Lou Golino published a nice article for GovMint.com on the status of redesign efforts for U.S. paper money. Here's an excerpt, but be sure to
read the complete article online. -Editor
In 1996 the Treasury began redesigning each of our bills except the $1 by altering aspects of the designs such as removing the artwork on borders
and adding special anti-counterfeiting measures to our currency, and those efforts have continued since then.
Lydia Washington, lead public affairs specialist with the Bureau of Printing and Engraving, explained in an e-mail that "the redesign timeline is
on schedule and there never was a delay. The redesign sequence for denominations and the timeline is driven by current and potential security
threats, not aesthetics. In 2013, the Advanced Counterfeit Deterrence (ACD) Steering Committee indicated that the $10 note would be the first
denomination to be redesigned. The estimated redesign of the $50 (2028), $5 (2032-2035), and $100 (2034-2038) notes will follow, pending any new
developments in counterfeiting threats or technology issues."
Washington added: "The 2020 timeline mentioned by former Secretary Lew and others in numerous 2016 media interviews, referred to proposed design
ideas (concepts), not the final designs and indicated the $20 note would be released in approximately 2030. Presently, the Bureau of Engraving and
Printing's redesign efforts remain focused on the security of the next two notes to be redesigned, the $10 and the $50."
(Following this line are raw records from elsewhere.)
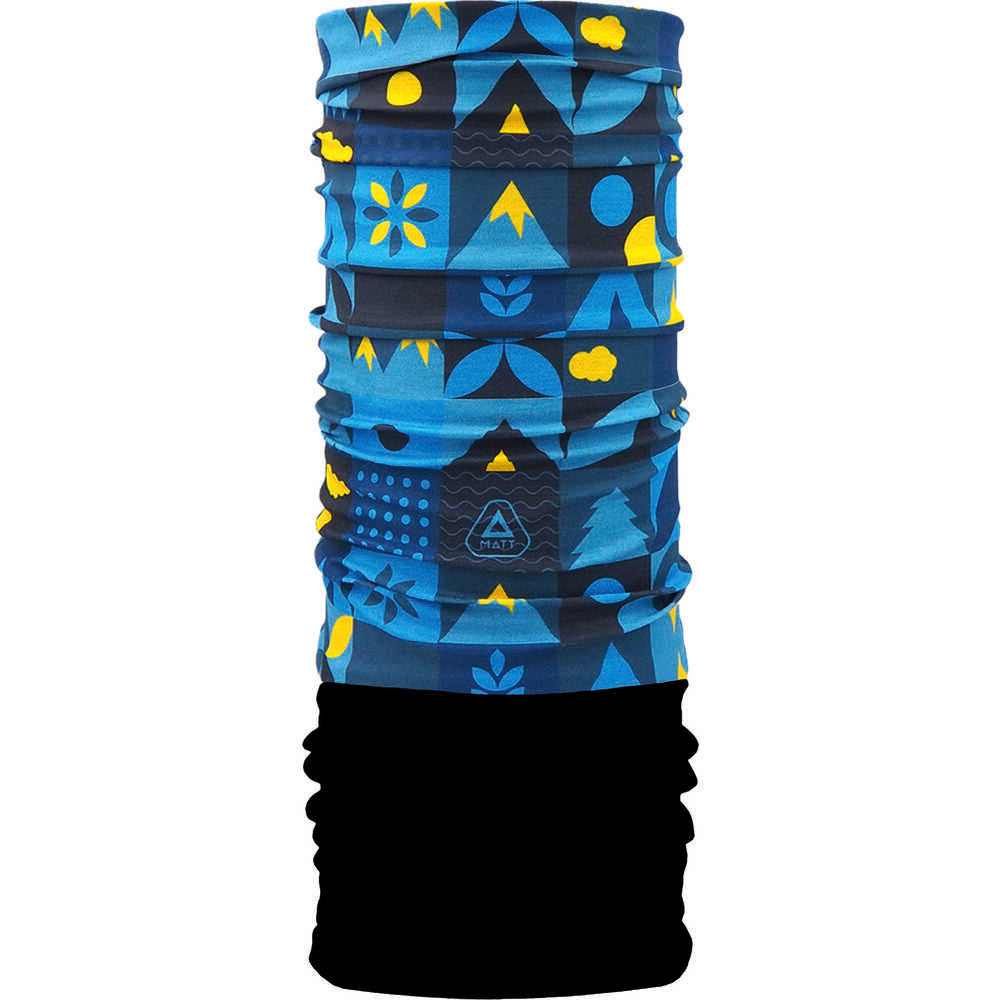 SCENES Cuello tubular Coolmax + Polartec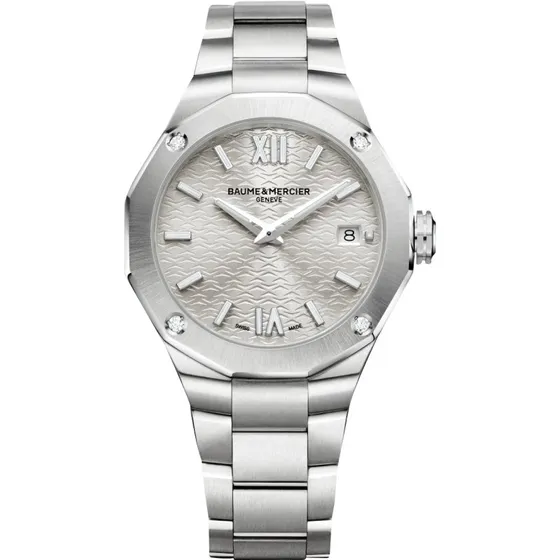 Baume & Mercier Riviera M0A10615 Silber 36mm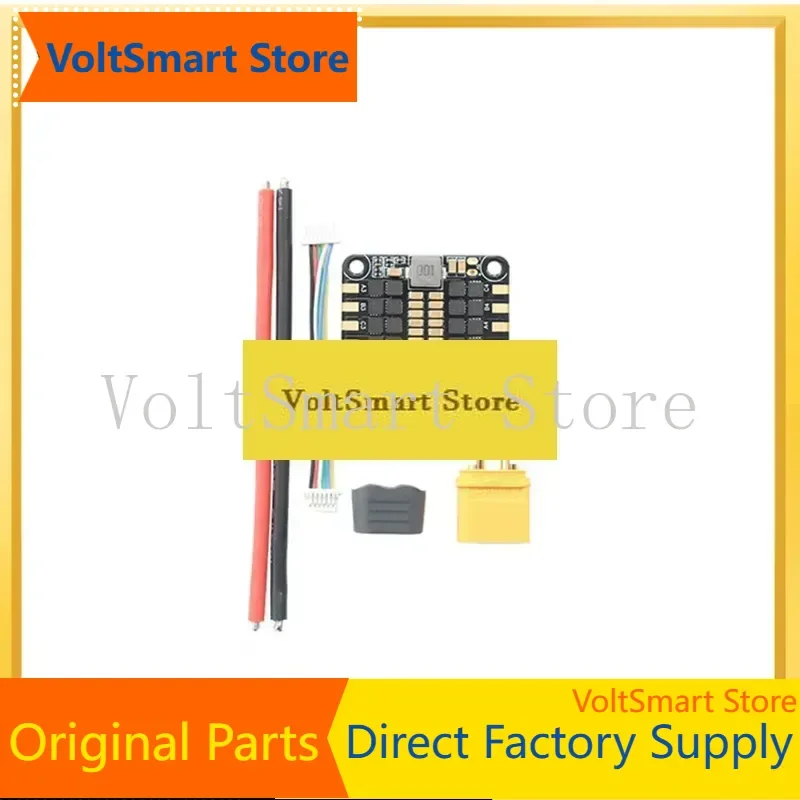 VoltSNewest INAV/Betaflight F4 V3S PLUS Flight Controller Board Built-in Barometer OSD TF Slot 30A 4IN1 ESC For FPV Racing Car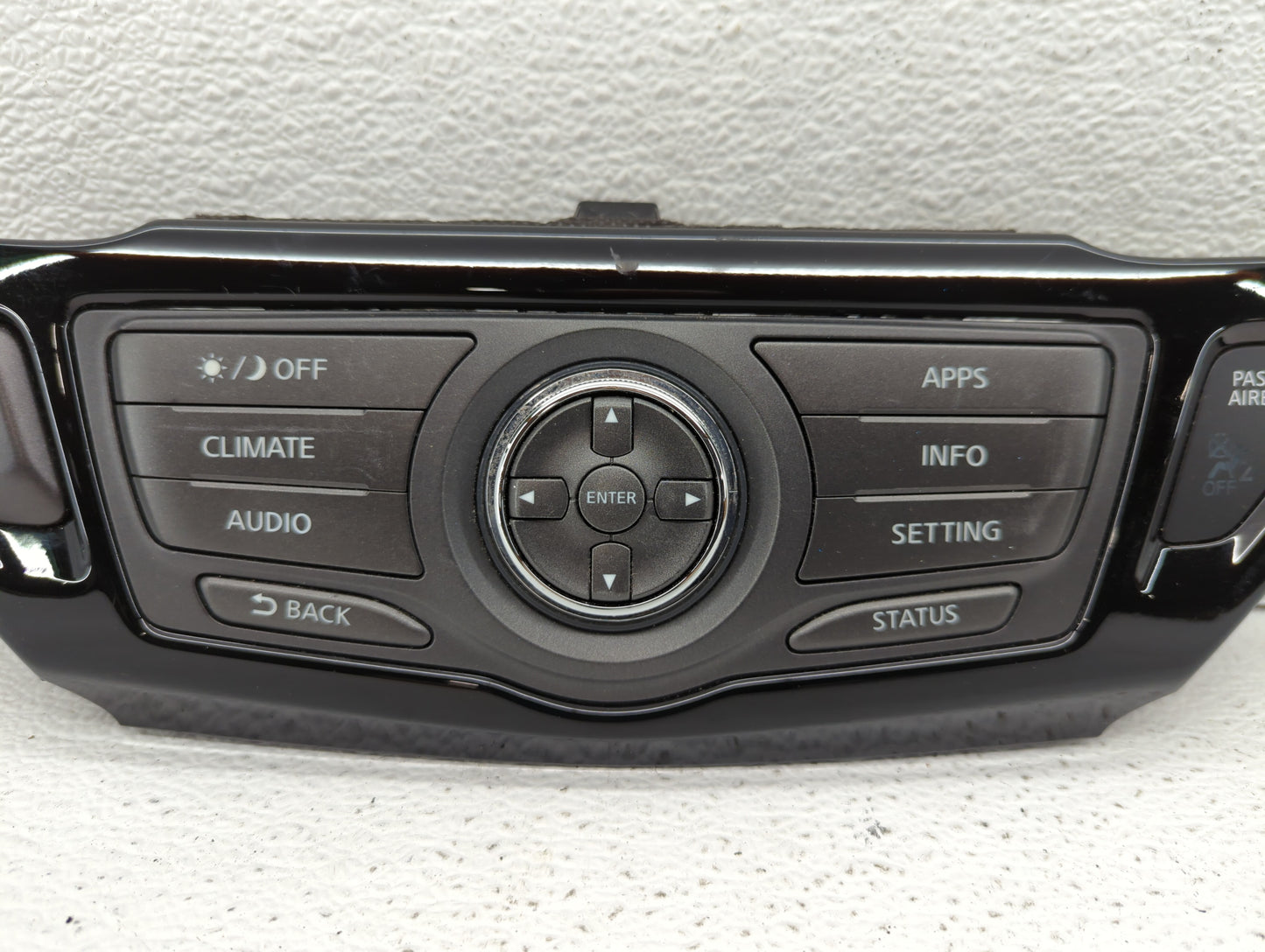 2013-2016 Nissan Pathfinder Climate Control Module Temperature AC/Heater Replacement P/N:68260 9PJ1B 9PJ2B 210223 Fits OEM U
This news from Secretary Mnuchin was received with disappointment by many members of the congress and the public, who were anticipating the Tubman
$20 would be released in 2020 to coincide with the centennial of ratification of the 19th amendment that gave women the right to vote. In a 2015 poll
conducted by the non-profit advocacy group, Women on 20s, Harriet Tubman received the most votes to appear on a redesigned $20 bill.
When he made his announcement in April 2016 about a new $20 bill with Tubman on it, then-Treasury Secretary Jacob Lew also announced other
changes. The $10 bill would retain the portrait of Alexander Hamilton on its face, but with a new reverse that would depict several leaders of the
suffragist movement, including Lucretia Mott, Sojourner Truth, Elizabeth Cady Stanton and Alice Paul. There would also be changes to the back of the
$5 note on the same theme. It is unclear whether these aesthetic changes will still occur as part of the redesign of these bills.
Currency redesign is typically a long process. For example, the new version of the $100 bill rolled out in 2013 took 15 years to develop. However,
it is also the case that the timeline for currency changes is driven not only by technical and security features but also by the priorities and
political will of different administrations. As CoinWeek editor Charles Morgan told USA Today: "There is no doubt the Trump administration could have
fast-tracked the Tubman redesign to make the 2020 deadline if it wanted to."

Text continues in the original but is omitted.